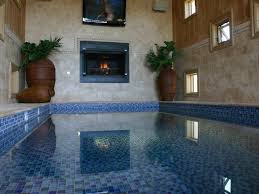 indoor pool with fireplace and tv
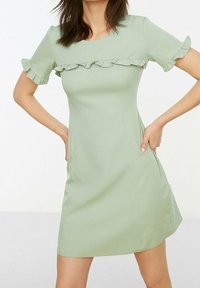 Kvinna i en ljusgrön kortärmad klänning med volangkant över bröstet och ärmar, stående med händerna på höfterna.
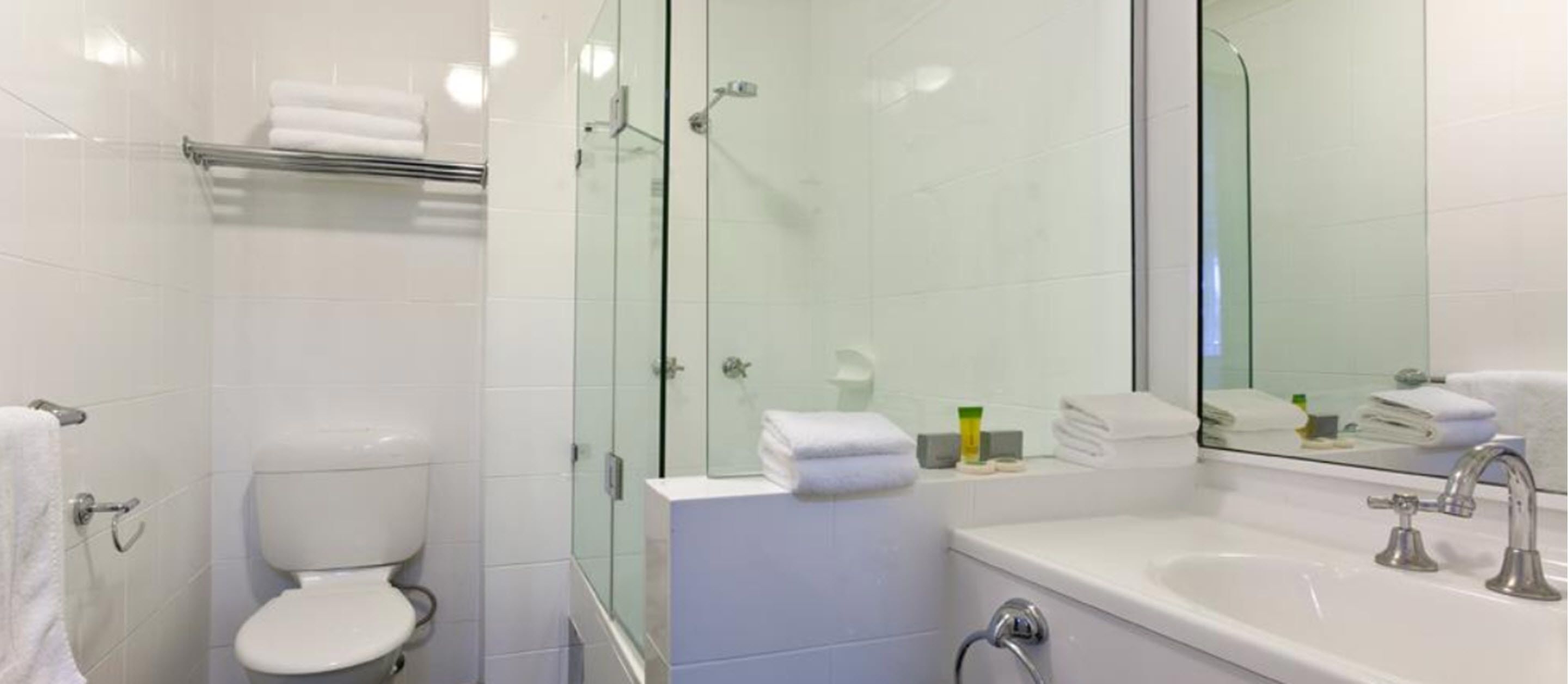 Une salle de bain moderne avec une douche à parois de verre, des toilettes blanches, un lavabo avec un miroir et un porte-serviettes.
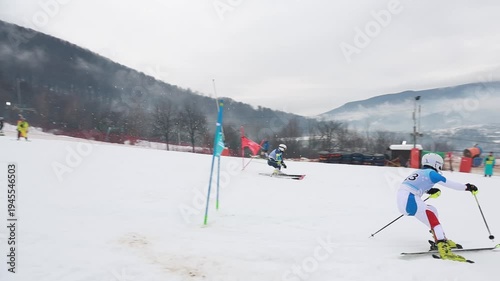 Two alpine skiers racing parallel slalom in slow motion passing slalom gate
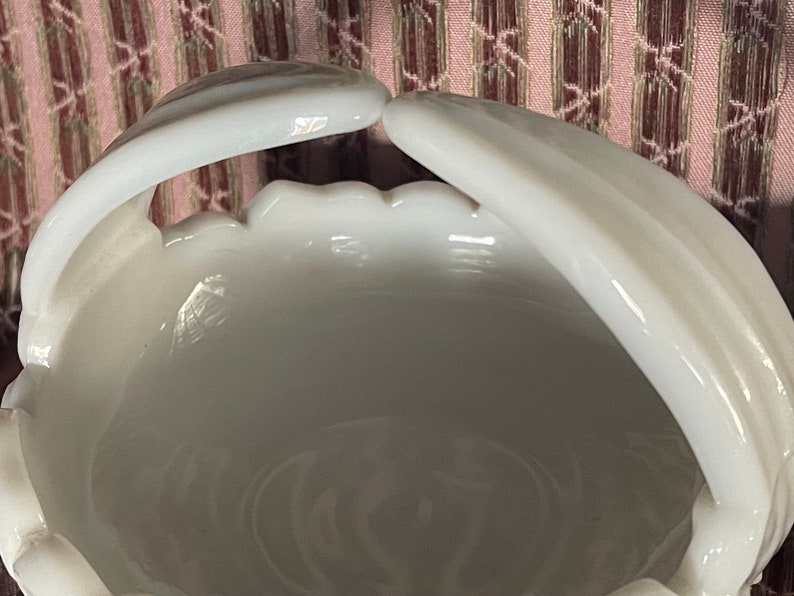 May include: White milk glass bowl with two handles. The bowl has a scalloped edge and a smooth, glossy finish.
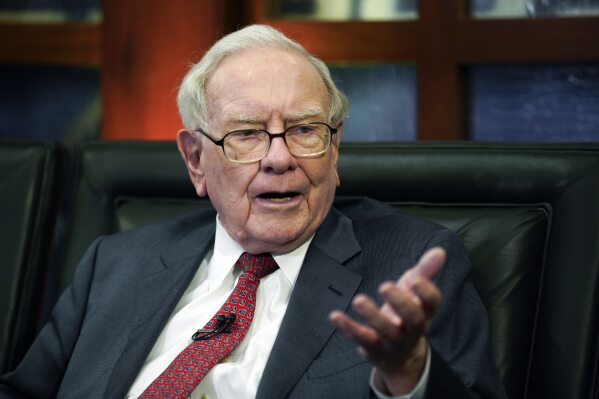 FILE - Berkshire Hathaway Chairman and CEO Warren Buffett speaks during an interview in Omaha, Neb., May 7, 2018. The $200,100 winning bid for a private lunch with software titan Marc Benioff might appear disappointing at first glance after years of multimillion-dollar bids for a private meal with Buffett, but the winner also pledged to donate a total of $1.5 million to the California homeless charity that benefits from the auction. (AP Photo/Nati Harnik, File)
··········
### [To do]
Everything in the preceding material must be transcribed exactly, except the images.

### [Answer]
 indoor pool with fireplace and tv
 Kvinna i en ljusgrön kortärmad klänning med volangkant över bröstet och ärmar, stående med händerna på höfterna.
 Une salle de bain moderne avec une douche à parois de verre, des toilettes blanches, un lavabo avec un miroir et un porte-serviettes.
 Two alpine skiers racing parallel slalom in slow motion passing slalom gate
 May include: White milk glass bowl with two handles. The bowl has a scalloped edge and a smooth, glossy finish.
 FILE - Berkshire Hathaway Chairman and CEO Warren Buffett speaks during an interview in Omaha, Neb., May 7, 2018. The $200,100 winning bid for a private lunch with software titan Marc Benioff might appear disappointing at first glance after years of multimillion-dollar bids for a private meal with Buffett, but the winner also pledged to donate a total of $1.5 million to the California homeless charity that benefits from the auction. (AP Photo/Nati Harnik, File)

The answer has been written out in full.